Demonstration projects of Nearly Zero Energy Buildings: Lessons from end-user experiences in Amsterdam, Helsingborg, and Lyon
Publication date: March 2019
Source: Energy Research & Social Science, Volume 49
Author(s): Nicolien van der Grijp, Frans van der Woerd, Bruno Gaiddon, Reto Hummelshøj, Mia Larsson, Olufolahan Osunmuyiwa, Rudy Rooth
Nearly Zero Energy Buildings (NZEBs) have been positioned as a low carbon strategy by the European Union in its Directive on the Energy Performance of Buildings (Directive 2010/31/EU). Underlying this directive is that the choice of technical options as well as sources of renewable energy may vary across EU countries and building projects. This article aims to compare the outcomes of NZEB demonstration projects in newly built city districts in Amsterdam, Helsingborg, and Lyon, using insights from strategic niche management theory combined with post-occupancy evaluation. More specifically, the analysis focuses on end-user expectations and experiences with living in energy-neutral city districts and homes, identifying lessons learned.

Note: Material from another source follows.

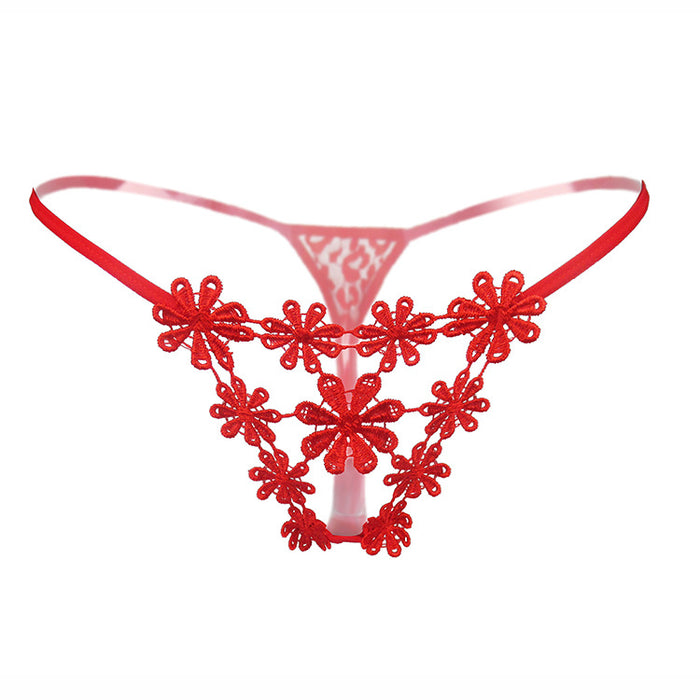 Embroidery Thongs for Women (Pack of 6)JEWYEE2170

A major conclusion is that the NZEB demonstration projects only facilitated single loop learning of end-users but did not provide an impetus for double loop learning. The findings suggest that NZEB projects need to be redesigned to facilitate more active roles of end-users in order to help realising their full potential in terms of increased energy efficiency and social learning.